● **Records for the exercise**:
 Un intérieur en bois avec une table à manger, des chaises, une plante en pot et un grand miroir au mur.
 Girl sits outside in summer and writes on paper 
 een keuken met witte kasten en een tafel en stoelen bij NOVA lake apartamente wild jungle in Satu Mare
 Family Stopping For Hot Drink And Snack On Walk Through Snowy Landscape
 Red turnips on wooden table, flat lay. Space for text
==
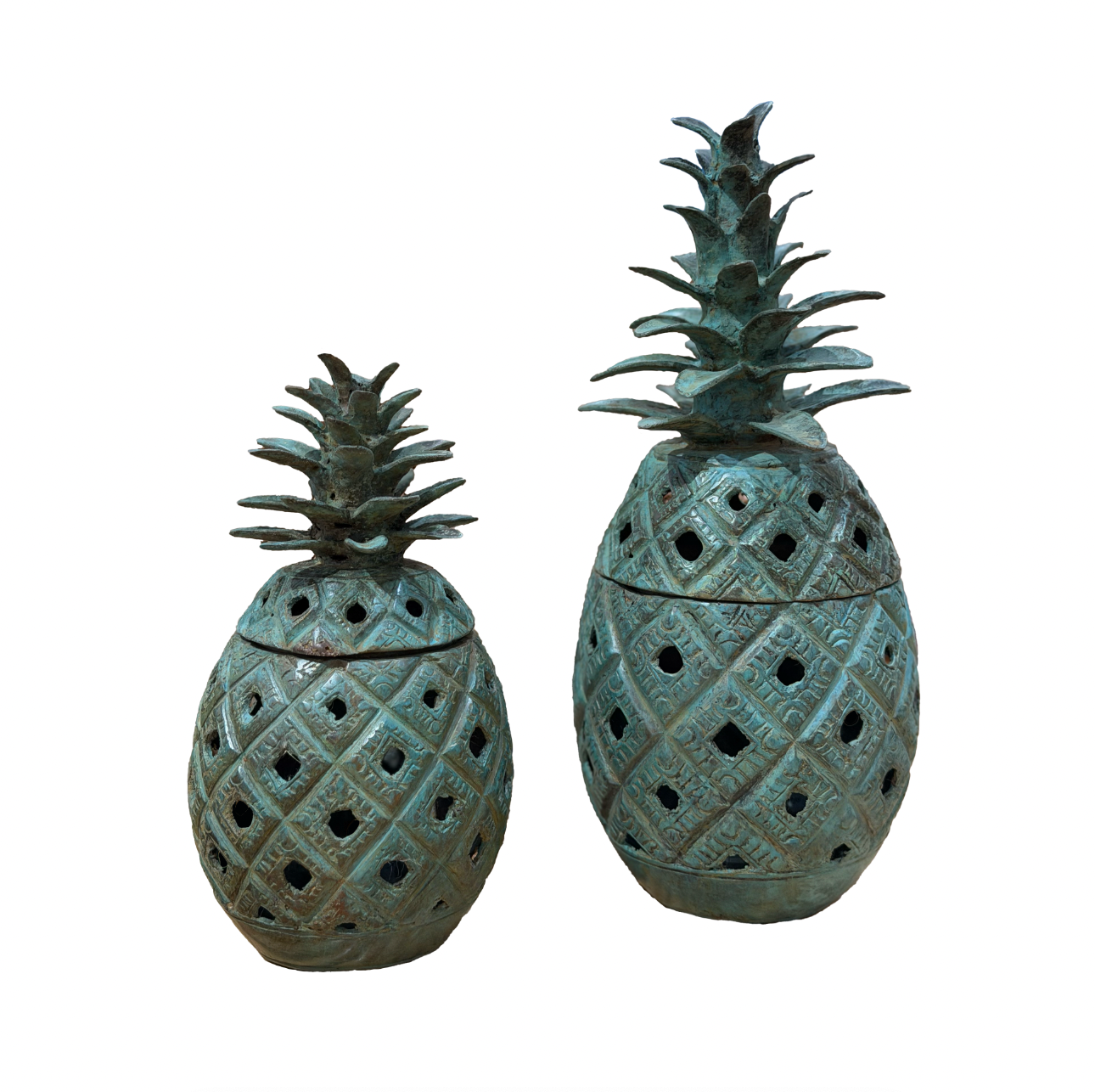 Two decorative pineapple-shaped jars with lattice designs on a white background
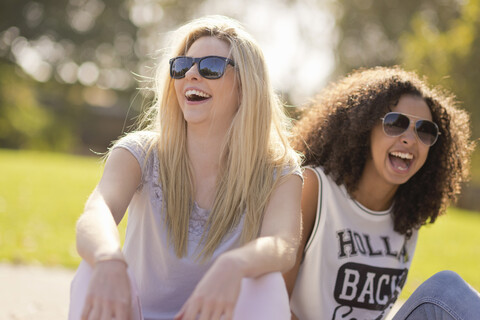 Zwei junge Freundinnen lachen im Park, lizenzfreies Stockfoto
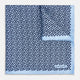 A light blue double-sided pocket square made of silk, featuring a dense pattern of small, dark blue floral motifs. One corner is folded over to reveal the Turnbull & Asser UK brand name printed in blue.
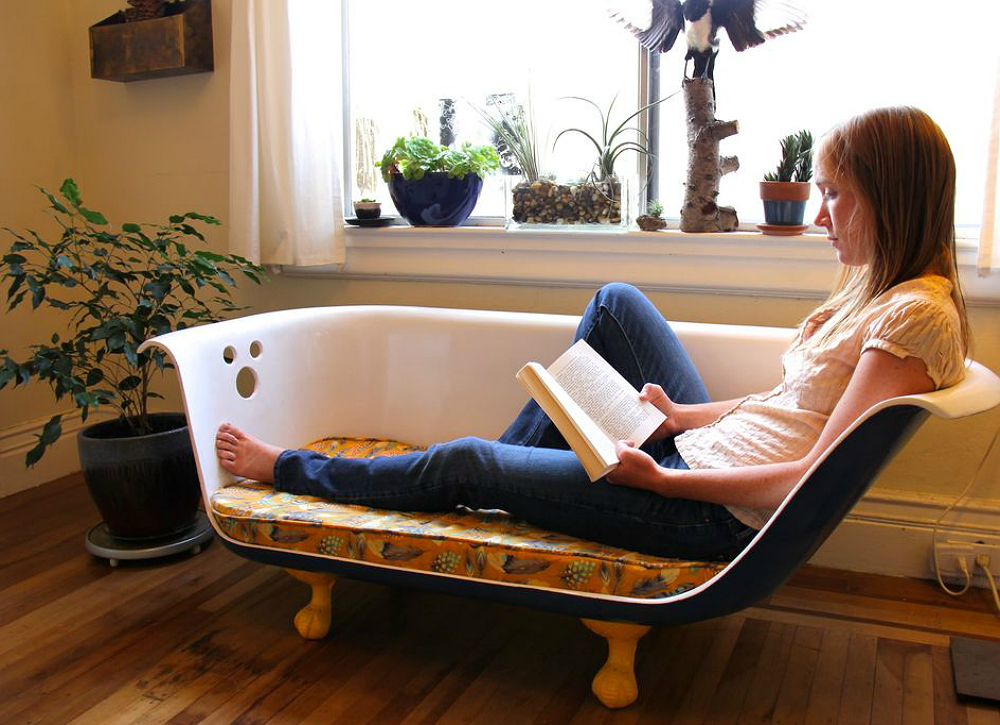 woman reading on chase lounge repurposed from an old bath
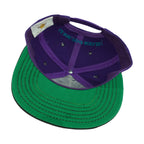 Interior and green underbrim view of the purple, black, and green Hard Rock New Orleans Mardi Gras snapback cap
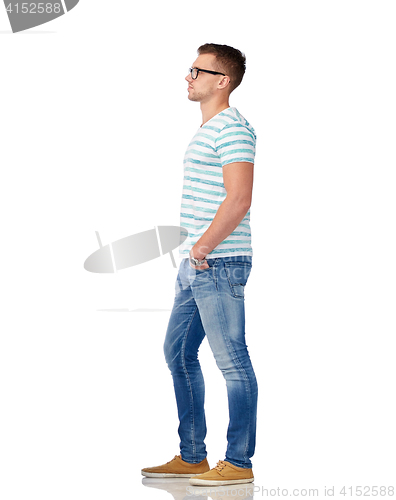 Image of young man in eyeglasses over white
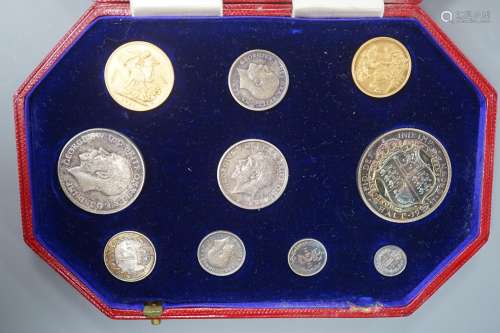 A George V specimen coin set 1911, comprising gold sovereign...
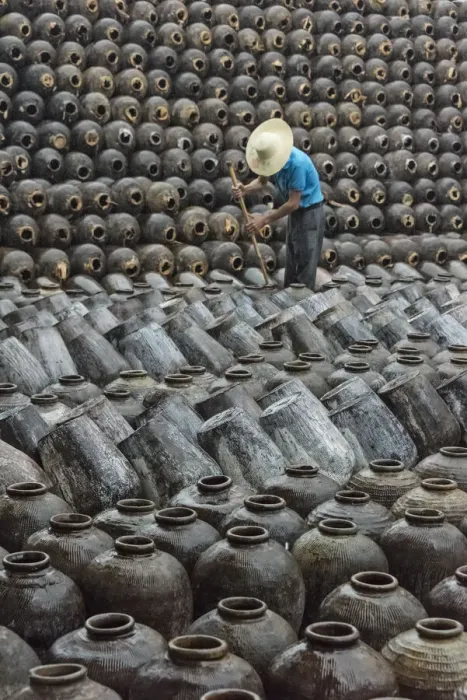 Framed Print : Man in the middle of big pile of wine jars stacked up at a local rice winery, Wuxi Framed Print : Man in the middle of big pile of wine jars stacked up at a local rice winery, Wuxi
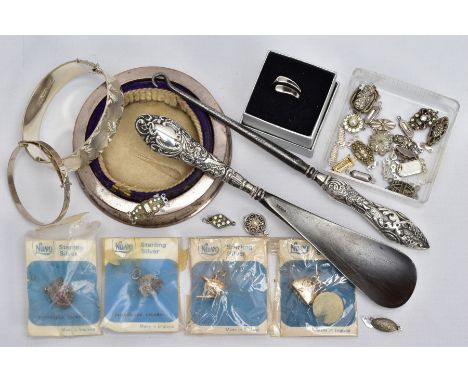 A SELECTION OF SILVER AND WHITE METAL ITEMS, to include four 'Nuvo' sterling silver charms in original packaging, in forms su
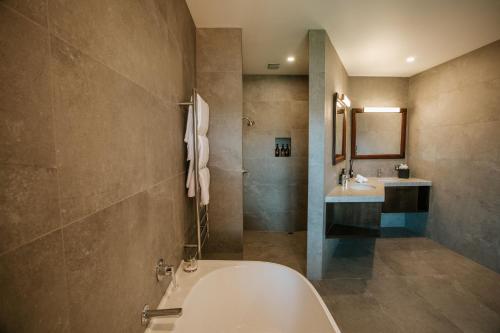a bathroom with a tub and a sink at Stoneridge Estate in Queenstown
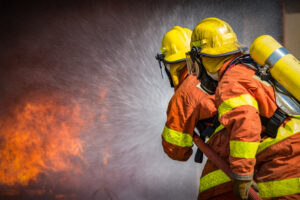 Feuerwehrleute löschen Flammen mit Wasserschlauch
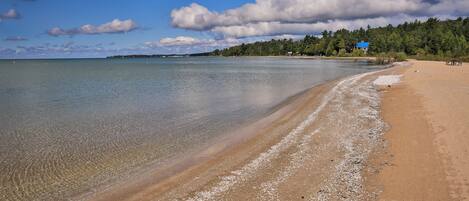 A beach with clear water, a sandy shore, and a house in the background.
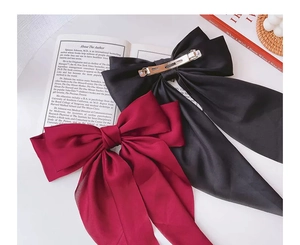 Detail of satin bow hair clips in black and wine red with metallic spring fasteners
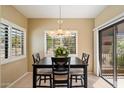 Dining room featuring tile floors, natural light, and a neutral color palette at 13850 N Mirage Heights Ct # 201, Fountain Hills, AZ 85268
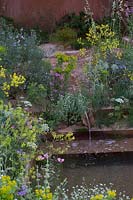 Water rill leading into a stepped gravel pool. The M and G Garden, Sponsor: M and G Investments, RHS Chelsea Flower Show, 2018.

● **The task**: For the string "table", go line by line through the material and copy every line that has it.

● **Answer to the problem**:
 Un intérieur en bois avec une table à manger, des chaises, une plante en pot et un grand miroir au mur.
 Red turnips on wooden table, flat lay. Space for text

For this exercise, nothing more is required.